MyLightningModule = # load/create your lightning module

Config = make_config(
    module=builds(MyLightningModule)
    trainer=builds(Trainer, gpus=2, strategy=builds(HydraDDP)),
)

Define a task function:

from hydra_zen import instantiate

def task_fn(cfg):
    obj = instantiate(cfg)
    obj.trainer.fit(obj.module))

Simply launch a PyTorch Lightning job, e.g., launch(Config, task_fn), or create a command line interface to run your job.

Tip

Using HydraDDP(), PyTorch Lightning’s ddp-mode Trainer becomes compatible with interactive environments such as Jupyter Notebooks!

Run PyTorch Lightning DDP in Hydra#

Using Hydra to run PyTorch Lightning’s Distributed Data Parallel (DDP) Strategy often has issues , in part because the strategy launches subprocesses where the command is derived from values in sys.argv.

The rAI-toolbox comes with a custom strategy, HydraDDP(), that addresses the challenge of running Hydra and Lightning together using DDP.

In this How-To we will:

  1. Define the requirements for a Hydra configuration.

  2. Build a hydra-zen configuration to execute a PyTorch Lightning multi-GPU training task.

  3. Launch the training task.

  4. Examine the logged files in the Hydra working directory.

First, in order to use HydraDDP(), the Hydra configuration must contain the following two sub-configurations:

1: Define requirements for Hydra configuration#
Config
 ├── trainer: A ``pytorch_lightning.Trainer`` configuration
 ├── module: A ``pytorch_lightning.LightningModule`` configuration
 ├── datamodule: [OPTIONAL] A `pytorch_lightning.LightningDataModule` configuration

This configuration requirement enables HydraDDP() to use a toolbox-provided task function (rai_toolbox.mushin.lightning._pl_main.py) that is launched for each subprocess:

The task function automatically run by each HydraDDP subprocess#
def task(trainer: Trainer, module: LightningModule, pl_testing: bool, pl_predicting: bool, pl_local_rank: int) -> None:
    if pl_testing:
        log.info(f"Rank {pl_local_rank}: Launched subprocess using Training.test")
        trainer.test(module)
     elif pl_predicting:
         log.info(f"Rank {pl_local_rank}: Launched subprocess using Training.predict")
         trainer.predict(module, datamodule=datamodule)
    else:
        log.info(f"Rank {pl_local_rank}: Launched subprocess using Training.fit")
        trainer.fit(module)

Note that the configuration flags for pl_testing, pl_predicting, and pl_local_rank are automatically set by HydraDDP() before execution.

Next let’s create an example configuration and task function using hydra-zen:

2: Creating hydra-zen configuration and task function for leveraging HydraDDP#
import pytorch_lightning as pl

from hydra_zen import builds, make_config, instantiate, launch
from rai_toolbox.mushin import HydraDDP
from rai_toolbox.mushin.testing.lightning import SimpleLightningModule

TrainerConfig = builds(
    pl.Trainer,
    strategy=builds(HydraDDP),
    populate_full_signature=True,
)

ModuleConfig = builds(SimpleLightningModule, populate_full_signature=True)

Config = make_config(
    trainer=TrainerConfig,
    module=ModuleConfig
)

def task_function(cfg):
    obj = instantiate(cfg)
    obj.trainer.fit(obj.module)

Next, we launch the training job.

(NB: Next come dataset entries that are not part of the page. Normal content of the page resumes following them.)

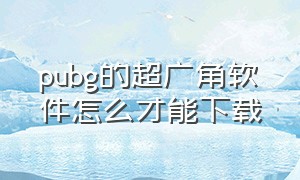 pubg的超广角软件怎么才能下载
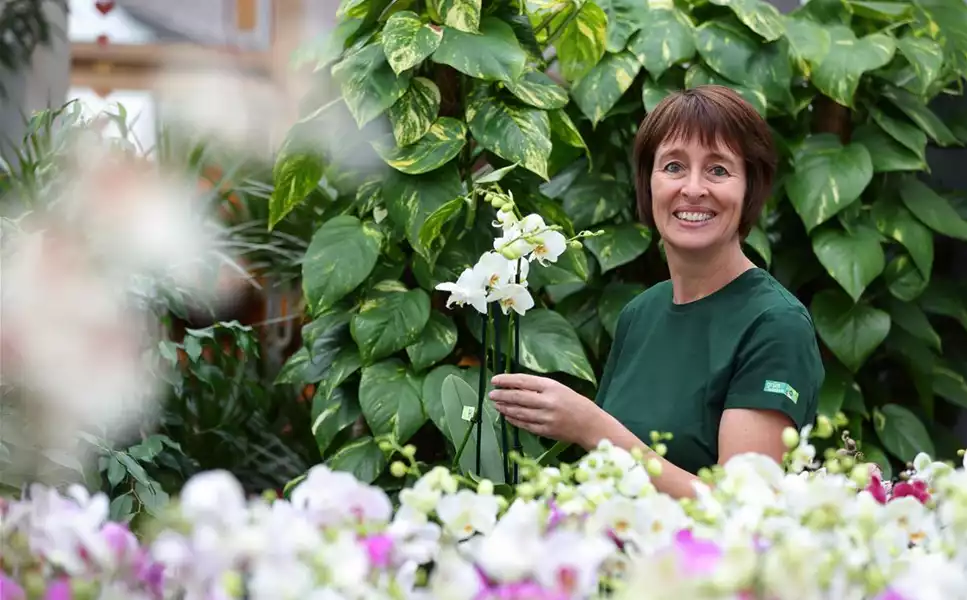 Frisches Grün - für Ihr Zuhause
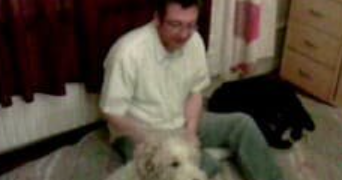 jackie pet sitter à DUNKERQUE 59430_0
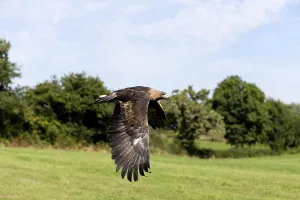GOLDEN EAGLE (aquila chrysaetos), ADULT IN FLIGHT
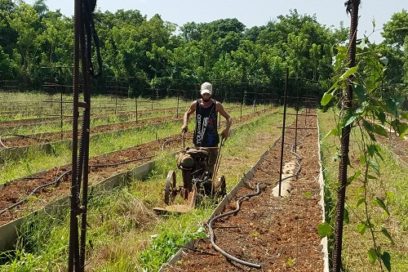 Organopónico Fontanar: ¿De vuelta a la vida?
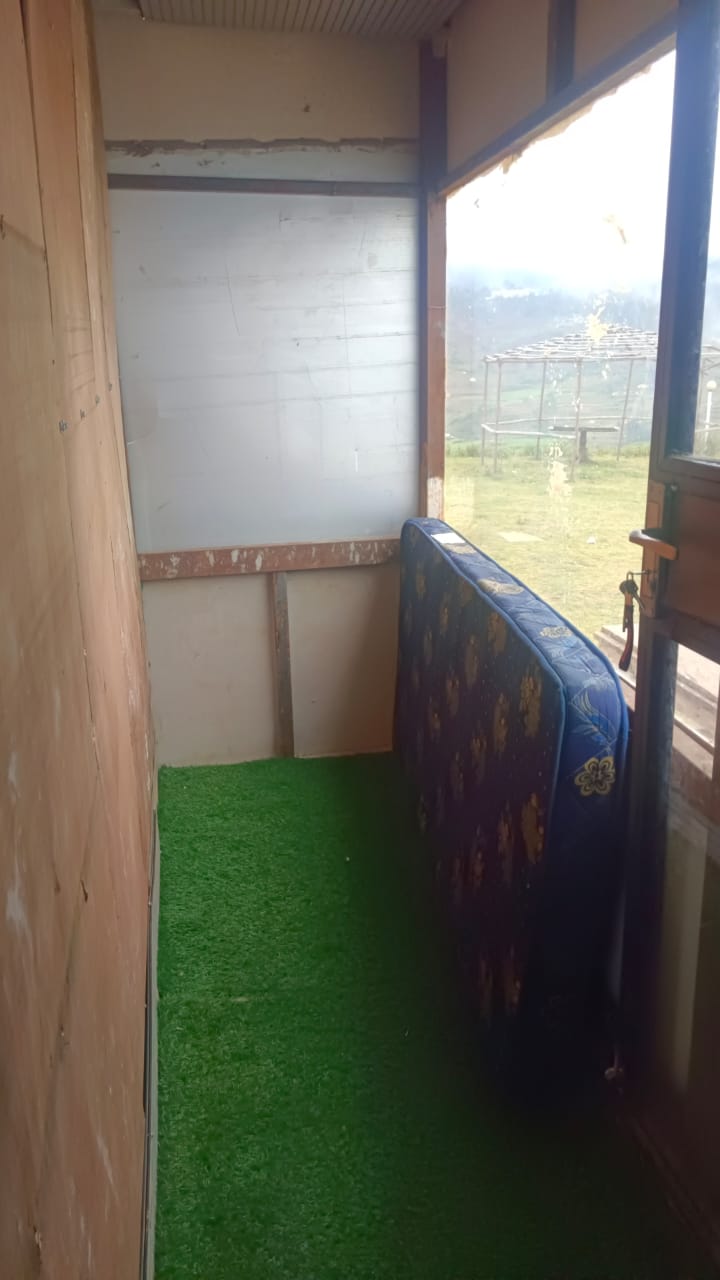 Royal Glamp - Image 6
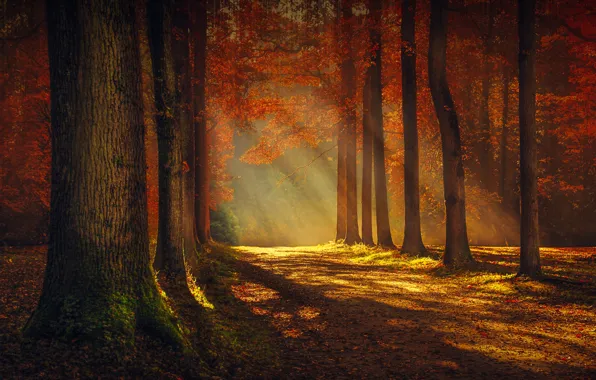 Картинка лес, свет, деревья, природа, утро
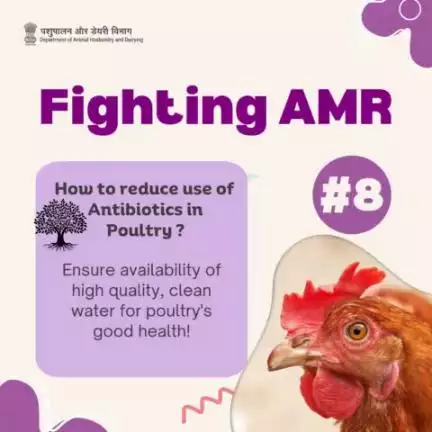 Ensuring Feathered Friends Stay Healthy: Prioritizing Water System Cleaning and Sanitization for Optimal Hygiene!
#antimicrobialresistanceawareness #poultry #livestockcare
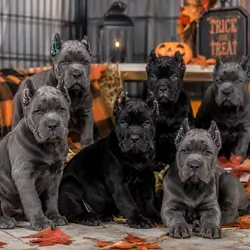 Full Blooded Cane Corso puppies ICCF Registered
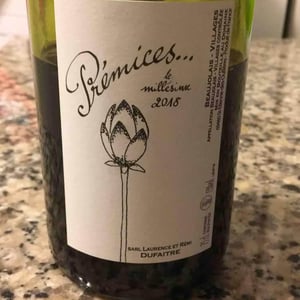 Domaine de Botheland - Rémi Dufaitre & Laurence Liatard - Prémices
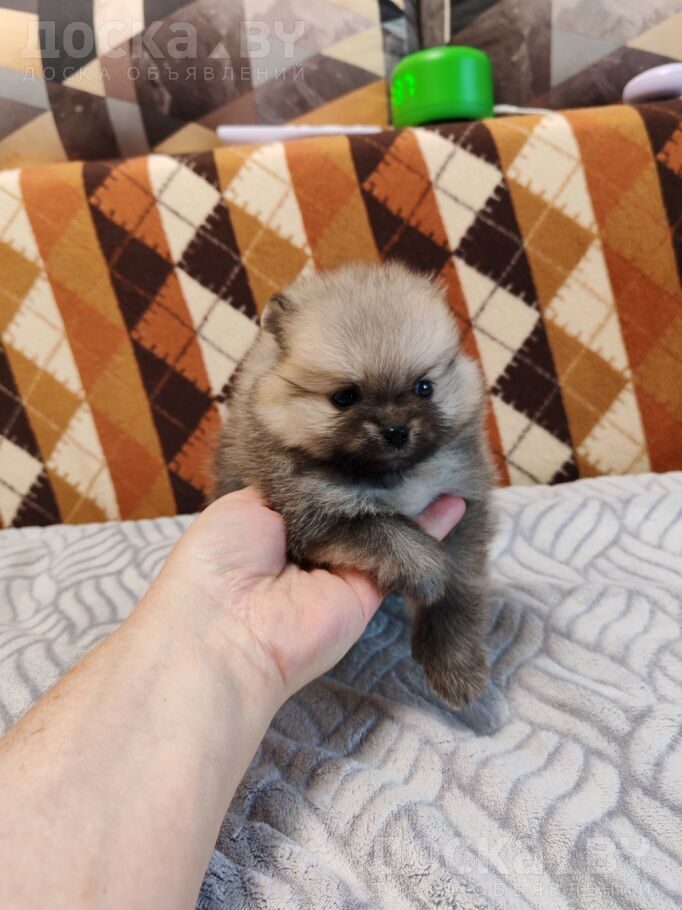 Померанский шпиц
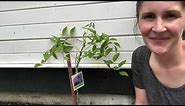 Planting a new wisteria vine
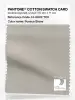 Product image 1 of the product “PANTONE® COTTON SWATCH CARD 14-0002 TCX Pumice Stone ”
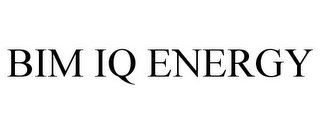 BIM IQ ENERGY
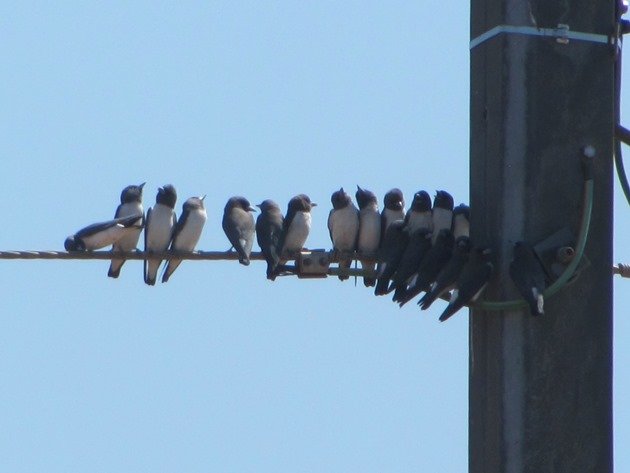 White-breasted Woodswallows (3)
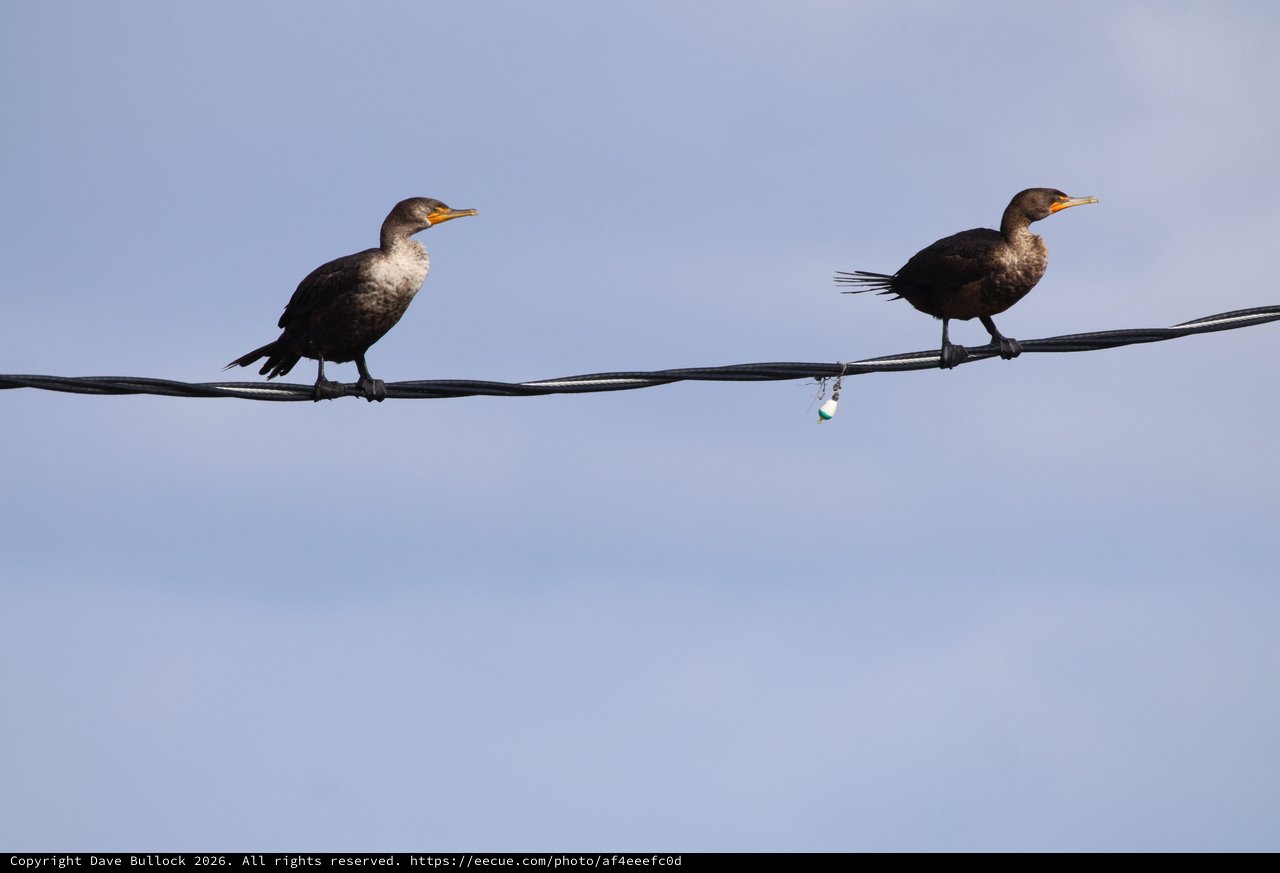 Double-Crested Cormorants Perched on Power Line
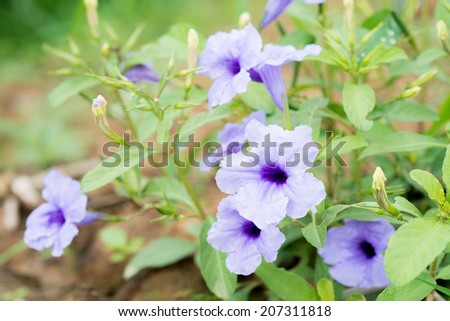 Ruellia tuberosa Blue violet color and leaf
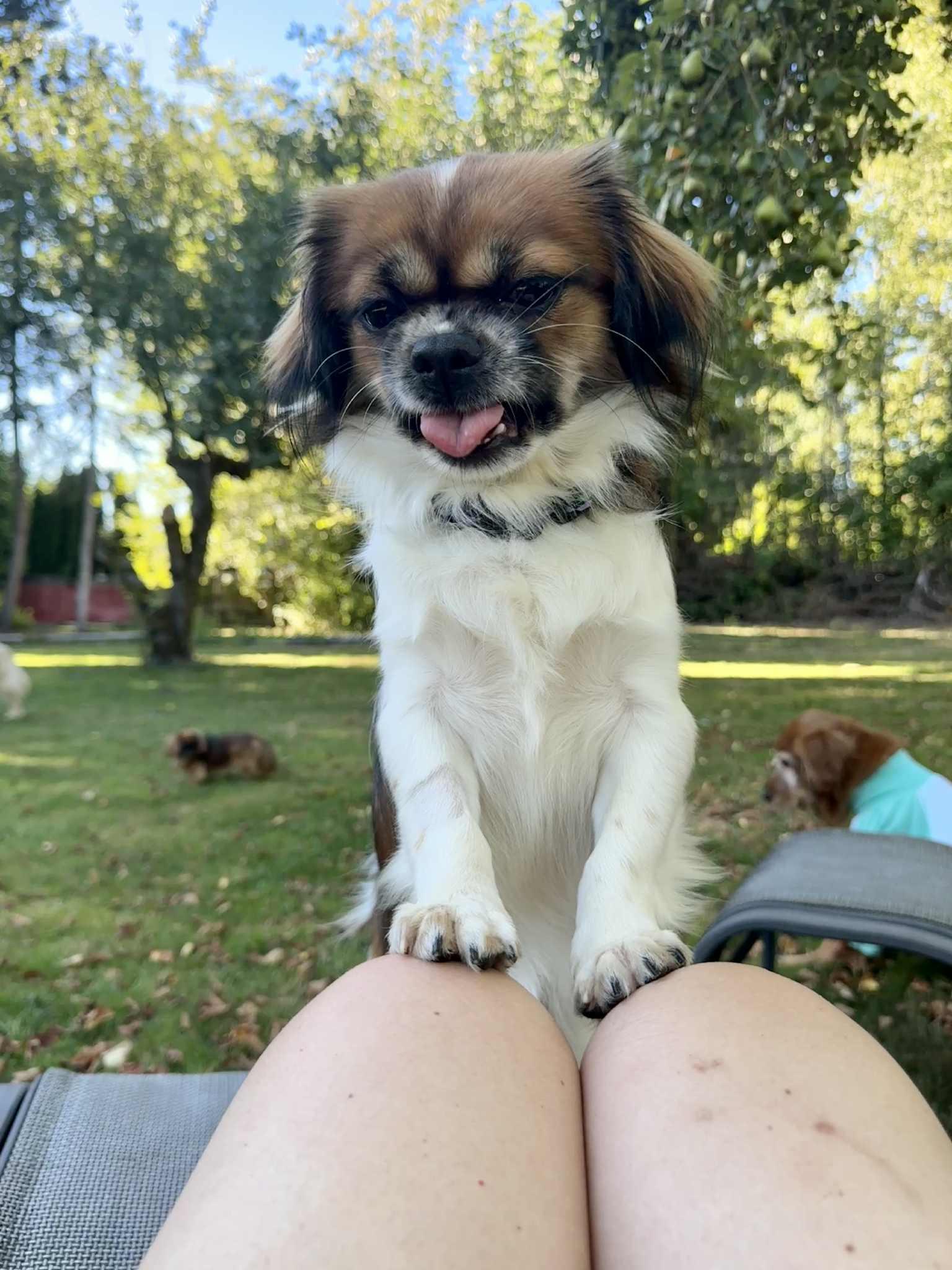 Enlarge L E O, a Adopted Japanese Chin in Abbotsford, BC image 1/6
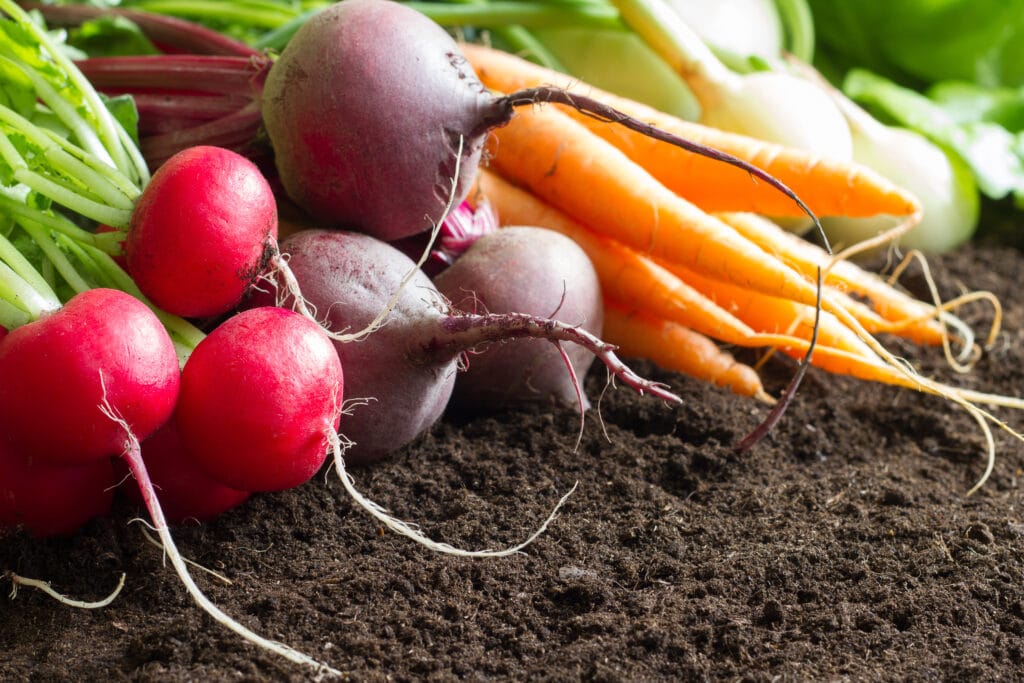 23 Beet Companion Plants For Improved Growth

For the purpose of this How-To, we will run only for a single epoch and in “fast dev run” mode.

3: Execute a Hydra-compatible ddp job using two gpus#
>>> job = launch(Config, task_function,
...              overrides=["trainer.gpus=2",
...                         "trainer.max_epochs=1",
...                         "trainer.fast_dev_run=True",
...                        ]
...              )
GPU available: True, used: True
...

Lastly, the Hydra working directory will contain these two items:

  • The Hydra directory, .hydra, storing the YAML configuration files

  • The file, zen_launch.log, storing any logging outputs from the run

The log file should contain the following information:

4: Output of zen_launch.log#
[2022-04-21 20:35:40,794][__main__][INFO] - Rank 1: Launched subprocess using Training.fit
[2022-04-21 20:35:42,800][torch.distributed.distributed_c10d][INFO] - Added key: store_based_barrier_key:1 to store for rank: 1
[2022-04-21 20:35:42,801][torch.distributed.distributed_c10d][INFO] - Added key: store_based_barrier_key:1 to store for rank: 0
[2022-04-21 20:35:42,802][torch.distributed.distributed_c10d][INFO] - Rank 0: Completed store-based barrier for key:store_based_barrier_key:1 with 2 nodes.
[2022-04-21 20:35:42,810][torch.distributed.distributed_c10d][INFO] - Rank 1: Completed store-based barrier for key:store_based_barrier_key:1 with 2 nodes.

Here you can see that the first line in the logged output indicates that the subprocess was launched for the second (Rank 1) GPU as expected.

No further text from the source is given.